High Availability: If both nodes were down and then full sync has been initiated, device becomes available for client connections immediately. Requests are processed by the node which is selected as synchronization source.
Acccording to this release note, when the HA target is in full sync stage, the data should be accessibe from the primary node. We carefully tested it on our test environment and found out this feature doestn't work.
Here is what we have done so far.
1. Created a new HA target.
2. Full sync the partner target.
3. While the partner is being full sync, we attempted to create a new data store on the HA target that is being synced and get error. The store is not able to create while the HA target is being full sync. We tried this many times on different ESX 4.1 servers and get the same result.
4. After the HA target is fully synced, we can successfully create the new data store just like normal.

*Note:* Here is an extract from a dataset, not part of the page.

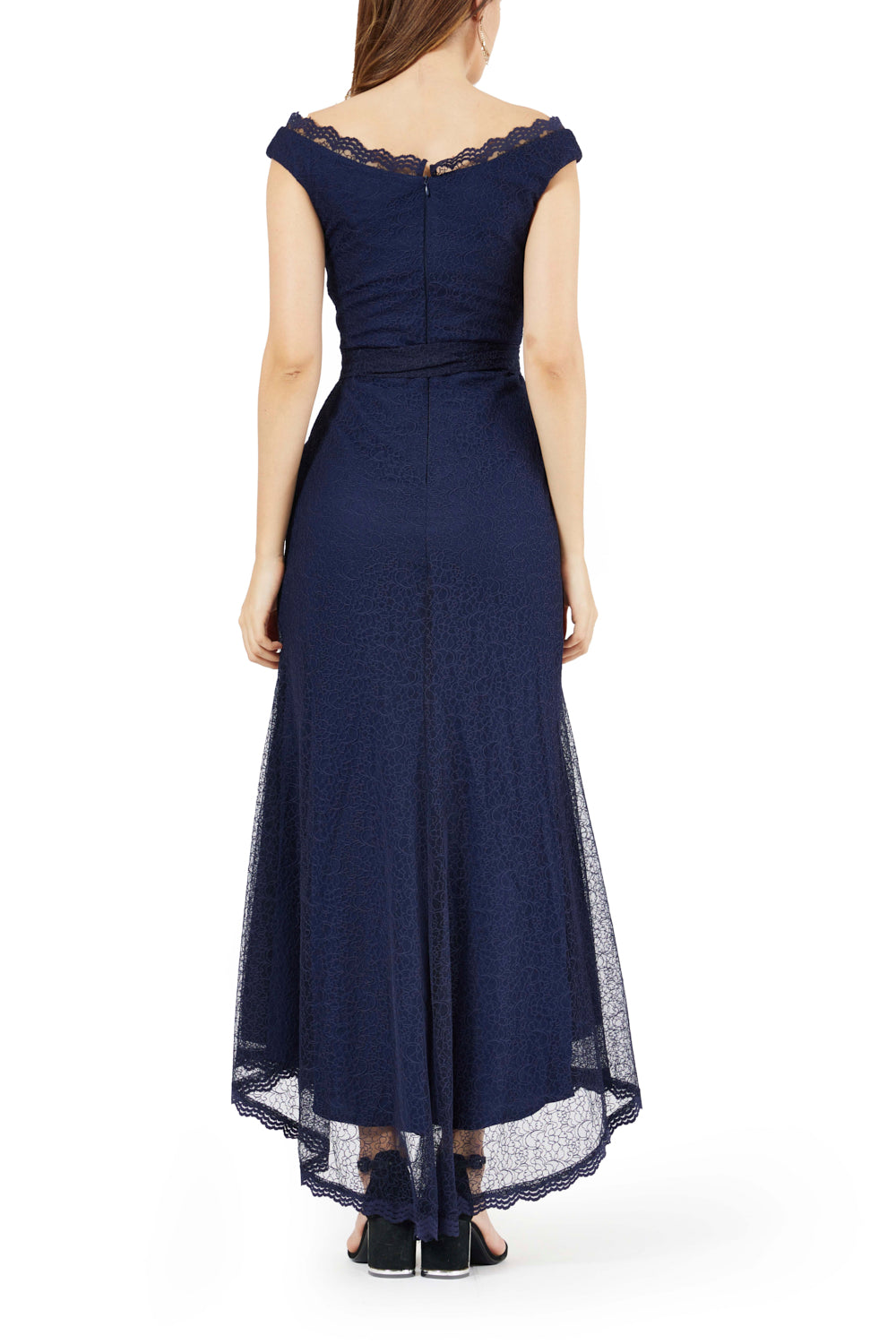 Elegant Embroidered Lace Gown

5. After we created the new data store in ESX, we went back in the starwind GUI and forced the HA target to do a full sync again just to simulate both nodes went down and come back up with full sync stage.
6. After we forced the HA target to do a full sync, we can browse the content in the HA target data store in any ESC server. It seems like the HA function is working. However, when we attempted to vMotion a 4GB virtual machine into the HA store, the process will just like hung and eventually error out with time out error.

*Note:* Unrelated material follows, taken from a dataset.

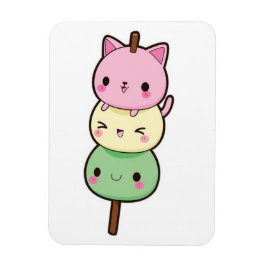 Mochi Ice Creme Kittens Magnet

7. After the HA target is fully synced again, we can successfully vMotion a virtual machine in the data store.
Base on our test result, the HA target is not going to full operational when the target is in syncing stage.
This is going to be a deadly thread in production environment. Just imagine if you have production data on HA target. One node went down becasue of multiple disk failure. When you rebuilt the failed node and add it back online and perfrom a full sync with the active node, the data on the active node becomes inaccessible. You have to wait until the target is fully insync again.
I think we can accept the fact the data accessing is slower in full sync stage but data inaccessible is not acceptable in the HA setup.
Starwind software engineer needs to fix this limitation ASAP in order to make the HA feature really High Availability.